Бедняжка баронесса и не представляла себе, что значит лежать в госпитале при гарнизонной тюрьме. Ее визитная карточка открыла ей двери тюрьмы. В канцелярии все держались с ней исключительно любезно. Через пять минут она уже знала, что «der brave Soldat[70] Швейк, о котором она осведомлялась, лежит в третьем бараке, койка № 17. Ее сопровождал сам доктор Грюнштейн, который совсем обалдел от этого внезапного визита. Швейк только что вернулся на свою койку после обычного ежедневного тура, предписанного доктором Грюнштейном, и сидел, окруженный толпой исхудавших и изголодавшихся симулянтов, которые до сих пор не сдавались и упорно продолжали состязаться со строгой диетой доктора Грюнштейна.
Кто послушал бы разговор этой компании, решил бы, что очутился среди кулинаров высшей поварской школы или на курсах продавцов гастрономических магазинов.
– Даже самые простые свиные шкварки можно есть, покуда они теплые, – заявил тот, которого лечили здесь от «застарелого катара желудка». – Когда сало начнет трещать и брызгать, отожми их, посоли, поперчи, и тогда, скажу я вам, никакие гусиные шкварки с ними не сравнятся.
– Полегче насчет гусиных шкварок, – сказал больной раком желудка, – нет ничего лучше гусиных шкварок! Ну куда вы лезете против них со шкварками из свиного сала! Гусиные шкварки, понятное дело, должны жариться до тех пор, пока они не станут золотыми. Так евреи делают, берут жирного гуся, снимают с кожи сало и поджаривают.
– По моему, вы ошибаетесь по части свиных шкварок, – заметил сосед Швейка. – Я, конечно, говорю о шкварках из домашнего свиного сала. Так они и называются – домашние шкварки. Они не должны быть ни коричневыми, ни желтыми, а должны иметь цвет, средний между этими двумя оттенками. Домашние шкварки не должны быть ни слишком мягкими, ни слишком твердыми. Они не должны хрустеть. Это уже, значит, пережаренные. Они должны таять на языке… но при этом вам не должно казаться, что сало течет по вашему подбородку.

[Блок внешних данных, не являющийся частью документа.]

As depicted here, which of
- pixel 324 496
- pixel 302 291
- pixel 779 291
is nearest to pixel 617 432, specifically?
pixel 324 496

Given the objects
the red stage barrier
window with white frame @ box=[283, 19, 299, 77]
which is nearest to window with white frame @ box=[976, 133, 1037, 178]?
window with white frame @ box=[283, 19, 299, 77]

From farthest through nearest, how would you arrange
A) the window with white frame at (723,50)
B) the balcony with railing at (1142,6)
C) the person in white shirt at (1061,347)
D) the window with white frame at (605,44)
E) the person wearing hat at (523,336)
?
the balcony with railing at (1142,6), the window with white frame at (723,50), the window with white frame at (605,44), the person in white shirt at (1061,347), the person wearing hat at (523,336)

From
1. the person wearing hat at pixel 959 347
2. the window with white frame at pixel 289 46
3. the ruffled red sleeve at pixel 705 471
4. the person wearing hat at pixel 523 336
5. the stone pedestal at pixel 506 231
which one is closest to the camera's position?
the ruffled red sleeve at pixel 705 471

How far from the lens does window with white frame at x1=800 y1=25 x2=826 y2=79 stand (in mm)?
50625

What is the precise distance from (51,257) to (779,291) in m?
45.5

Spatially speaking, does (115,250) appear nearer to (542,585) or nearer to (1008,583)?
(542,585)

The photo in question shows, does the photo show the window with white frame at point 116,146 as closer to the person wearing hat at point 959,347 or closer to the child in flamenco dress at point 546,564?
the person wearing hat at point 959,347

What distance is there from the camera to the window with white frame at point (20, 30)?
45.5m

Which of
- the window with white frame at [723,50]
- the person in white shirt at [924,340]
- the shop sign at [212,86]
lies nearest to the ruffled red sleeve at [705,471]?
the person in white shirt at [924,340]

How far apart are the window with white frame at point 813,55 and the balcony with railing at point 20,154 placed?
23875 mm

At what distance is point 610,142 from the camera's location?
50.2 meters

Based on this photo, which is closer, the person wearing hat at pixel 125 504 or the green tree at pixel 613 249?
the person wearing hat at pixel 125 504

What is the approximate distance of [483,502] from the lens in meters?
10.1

– А кто из вас ел шкварки из конского сала? – раздался чей-то голос, но никто не ответил, так как вбежал фельдшер.
– По койкам! Сюда идет великая княгиня. Не высовывайте грязных ног из-под одеяла!

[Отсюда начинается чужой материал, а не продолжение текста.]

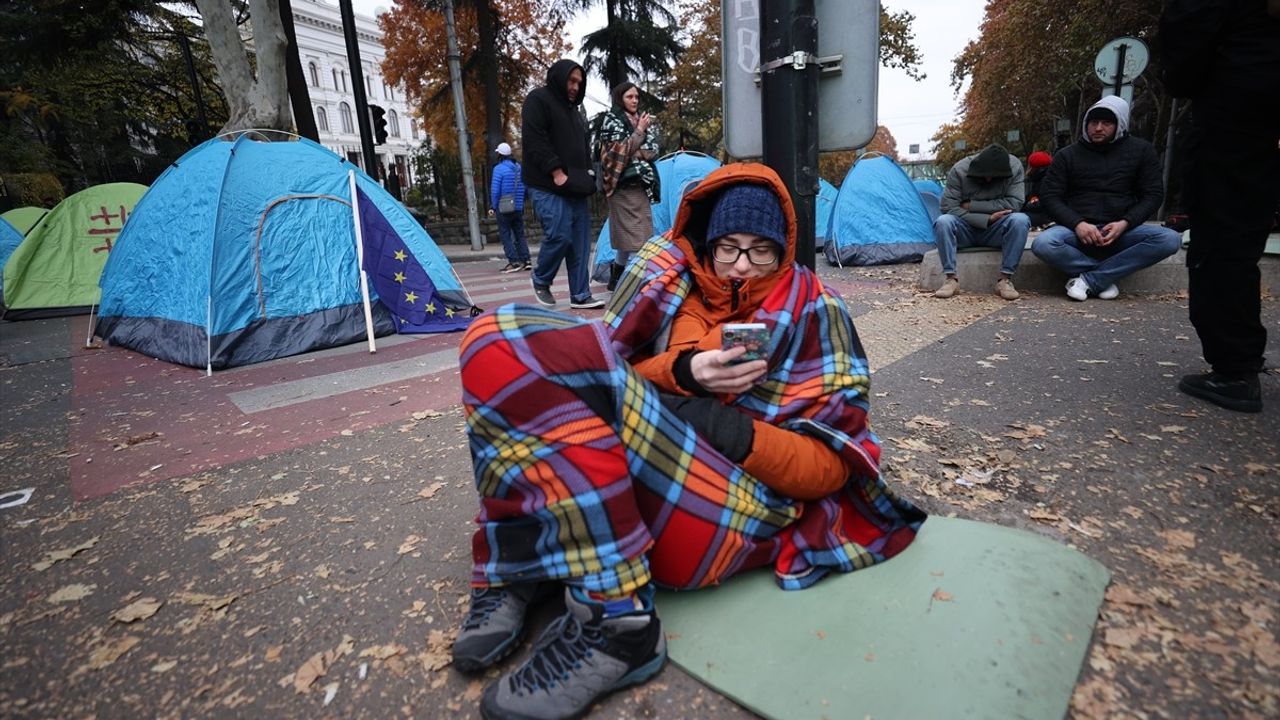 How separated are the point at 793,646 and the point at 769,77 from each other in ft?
5.85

Сама великая княгиня не могла бы войти так торжественно, как вошла баронесса фон Боценгейм. За ней следовала целая процессия. Тут был и бухгалтер госпиталя, видевший в этом визите тайные происки ревизии, которая может бросить его от сытого корыта в тылу на съедение шрапнели, к проволочным заграждениям передовых позиций. Он был бледен. Еще бледнее был сам доктор Грюнштейн. Перед глазами у него прыгала маленькая визитная карточка старой баронессы с титулом «вдова генерала» и все, что связывалось с этим титулом: знакомства, протекции, жалобы, перевод на фронт и другие ужасные вещи.
– Вот Швейк, – произнес доктор с деланым спокойствием, подводя баронессу фон Боценгейм к койке Швейка. – Переносит все очень терпеливо.
Баронесса фон Боценгейм села на приставленный к постели Швейка стул и сказала:
– Ческий зольдат, кароший зольдат, калека зольдат, храбрий зольдат. Я очень любиль ческий австриец. – При этом она гладила Швейка по его небритому лицу. – Я читаль все в газете, я вам принесля кушать – «ам ам»; курить, сосать… Ческий зольдат, бравый зольдат!.. Johann, kommen Sie her![71] Камердинер, напоминающий своими взъерошенными бакенбардами Бабинского[72], притащил к постели громадную корзину. Компаньонка баронессы – высокая дама с заплаканным лицом – уселась к Швейку на постель и стала поправлять ему за спиной подушку, набитую соломой, с твердой уверенностью, что так полагается делать у постели раненых героев.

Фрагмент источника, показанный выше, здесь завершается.